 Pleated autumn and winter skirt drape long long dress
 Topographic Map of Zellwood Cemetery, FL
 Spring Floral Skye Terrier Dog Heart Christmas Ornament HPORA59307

---

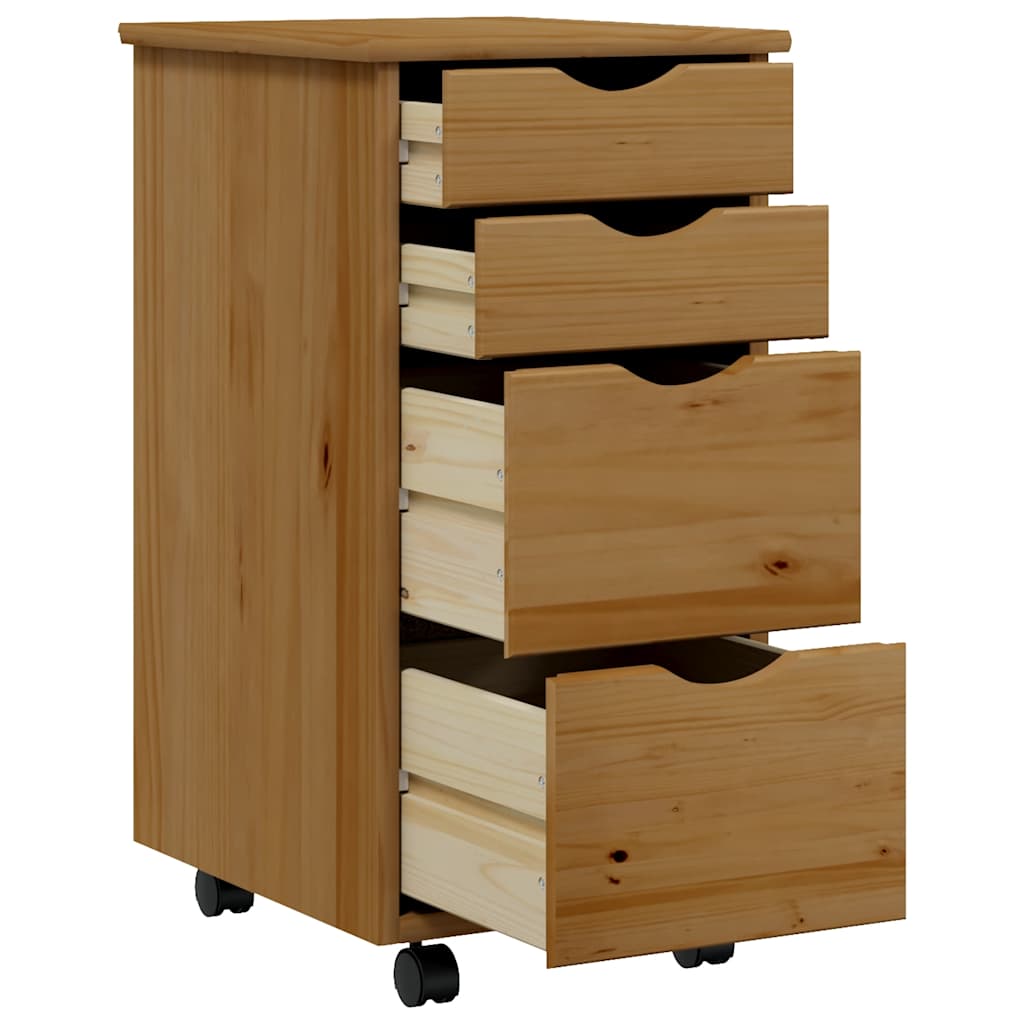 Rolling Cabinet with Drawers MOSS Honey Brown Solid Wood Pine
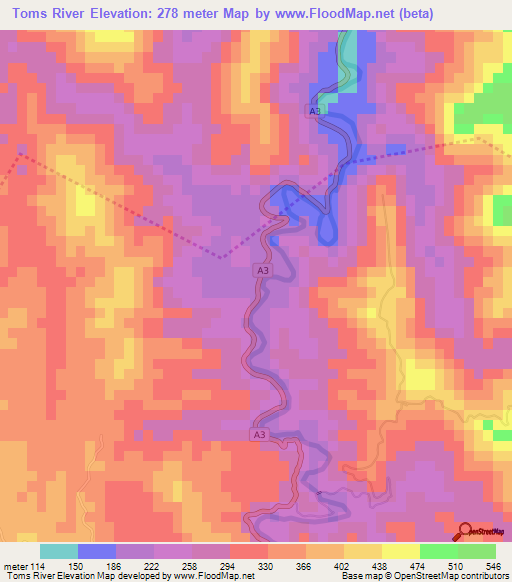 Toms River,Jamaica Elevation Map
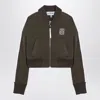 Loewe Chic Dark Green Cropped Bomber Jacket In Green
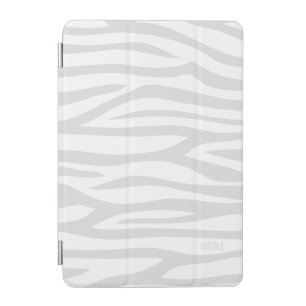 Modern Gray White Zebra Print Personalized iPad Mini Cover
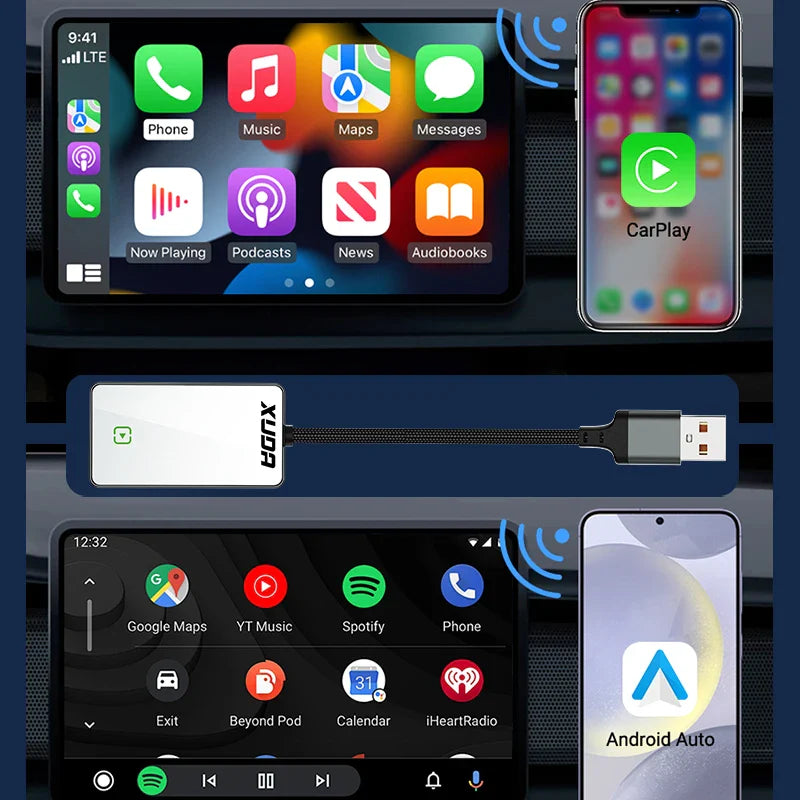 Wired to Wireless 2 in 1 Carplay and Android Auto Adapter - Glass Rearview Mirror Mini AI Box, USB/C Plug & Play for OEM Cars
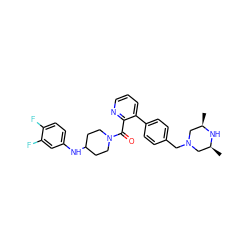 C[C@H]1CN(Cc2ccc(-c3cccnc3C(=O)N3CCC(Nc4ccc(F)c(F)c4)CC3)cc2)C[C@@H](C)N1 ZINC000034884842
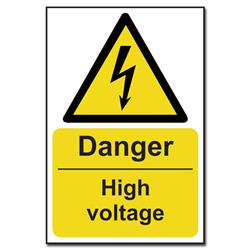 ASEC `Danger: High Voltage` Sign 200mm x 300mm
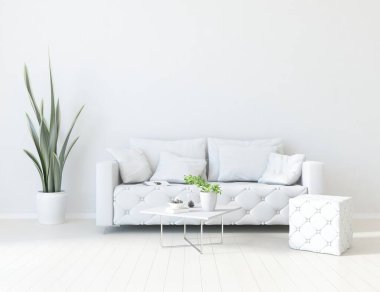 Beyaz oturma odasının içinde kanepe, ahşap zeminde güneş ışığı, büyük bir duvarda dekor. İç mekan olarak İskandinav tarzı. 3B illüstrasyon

* **Problem requirements**
Repeat exactly, and only, the entries from the line with "Modern Gray White" through the line with "Beyaz oturma odasının". Pictures are skipped.

* **Worked solution**
 Modern Gray White Zebra Print Personalized iPad Mini Cover
 Wired to Wireless 2 in 1 Carplay and Android Auto Adapter - Glass Rearview Mirror Mini AI Box, USB/C Plug & Play for OEM Cars
 C[C@H]1CN(Cc2ccc(-c3cccnc3C(=O)N3CCC(Nc4ccc(F)c(F)c4)CC3)cc2)C[C@@H](C)N1 ZINC000034884842
 ASEC `Danger: High Voltage` Sign 200mm x 300mm
 Beyaz oturma odasının içinde kanepe, ahşap zeminde güneş ışığı, büyük bir duvarda dekor. İç mekan olarak İskandinav tarzı. 3B illüstrasyon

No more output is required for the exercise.